ImagePipeline的使用
今天我学习了scrapy框架中的ImagePipeline,因此我用ImagePipeline来下载图片,我下载的是SOL(中关村)桌面壁纸图片
1. 找到要下载图片的url
2. 创建一个图片项目
3. 创建一个爬虫文件
4. 在zol.py中写入图片的网址和名称
# -*- coding: utf-8 -*-
import scrapy
class ZolSpider(scrapy.Spider):
name = 'zol'
allowed_domains = ['zol.com.cn']
start_urls = ['http://desk.zol.com.cn/bizhi/8886_109251_2.html']
def parse(self, response):
image_url=response.xpath('//img[@id="bigImg"]//@src').extract()
image_name=response.xpath('string(//h3)').extract_first()
yield {
"image_urls":image_url,
"image_name":image_name
}
next_url=response.xpath('//a[@id="pageNext"]/@href').extract_first()
if next_url.find('.html')!=-1:
yield scrapy.Request(response.urljoin(next_url),callback=self.parse)
-
在Pipelines.py中导入from scrapy.pipelines.images import ImagesPipeline和
import scrapy -
在Pipelines.py中引入一个类class ImagePipeline(ImagesPipeline),并写入两个函数def get_media_requests(self, item, info)和def file_path(self, request, response=None, info=None),这两个函数在images.py中可以找到
# -*- coding: utf-8 -*-
# Define your item pipelines here
#
# Don't forget to add your pipeline to the ITEM_PIPELINES setting
# See: https://docs.scrapy.org/en/latest/topics/item-pipeline.html
from scrapy.pipelines.images import ImagesPipeline
import scrapy
class PicturesPipeline:
def process_item(self, item, spider):
return item
class ImagePipeline(ImagesPipeline):
def get_media_requests(self, item, info):
for image_url in item["image_urls"]:
yield scrapy.Request(image_url,meta={"image_name":item["image_name"]})

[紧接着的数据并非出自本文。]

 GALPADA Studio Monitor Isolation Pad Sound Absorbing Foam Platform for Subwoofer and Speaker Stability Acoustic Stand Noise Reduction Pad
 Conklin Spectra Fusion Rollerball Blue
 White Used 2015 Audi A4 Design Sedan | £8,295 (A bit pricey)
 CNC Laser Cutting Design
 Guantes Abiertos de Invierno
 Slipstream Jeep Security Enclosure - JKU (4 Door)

def file_path(self, request, response=None, info=None):
file_name=request.meta["image_name"].strip().replace('\r\n\t\t','')+'jpg'
file_name=file_name.replace('/','-')
return file_name
- 在settings.py中修改需要的内容(设置User-Agent,图片路径等)

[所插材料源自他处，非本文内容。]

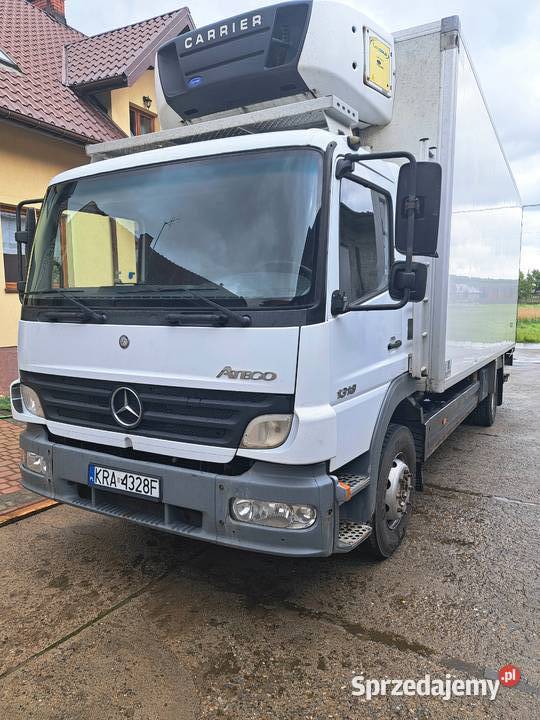MercedesBenz Atego 1318 chłodnia Chłodnie Wawrzeńczyce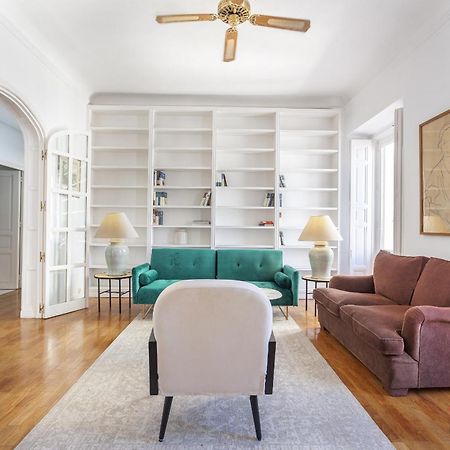 Apartamento Paseo Del Prado II En Madri Exterior foto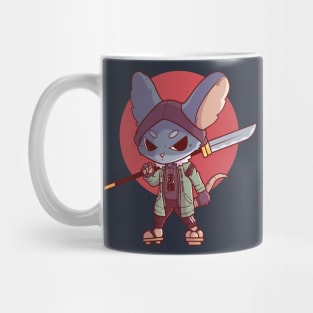 Nezumi Samurai Mug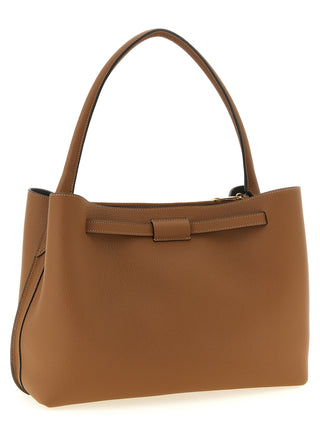 Brown Calfskin Handbag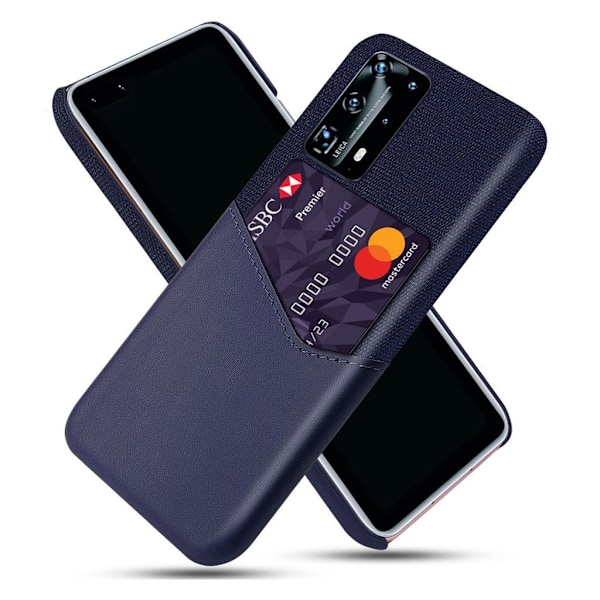Bofink Huawei P40 Pro Card cover - Blå Blue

# Crawl responsibly by identifying yourself (and your website) on the user-agent
USER_AGENT = 'Mozilla/5.0 (Windows NT 10.0; WOW64) AppleWebKit/537.36 (KHTML, like Gecko) Chrome/69.0.3947.100 Safari/537.36'
# Obey robots.txt rules
ROBOTSTXT_OBEY = False
ITEM_PIPELINES = {
'pictures.pipelines.ImagePipeline': 300,
}
IMAGES_STORE='C:\\Users\\lenovo\\Pictures\\pictures'
注意:ITEM_PIPELINES中的ImagePipeline一定要和pipelines.py中的class ImagePipeline(ImagesPipeline)类名一样,不然图片名称无法修改
- 在pycharm中执行程序
- 运行程序,查看结果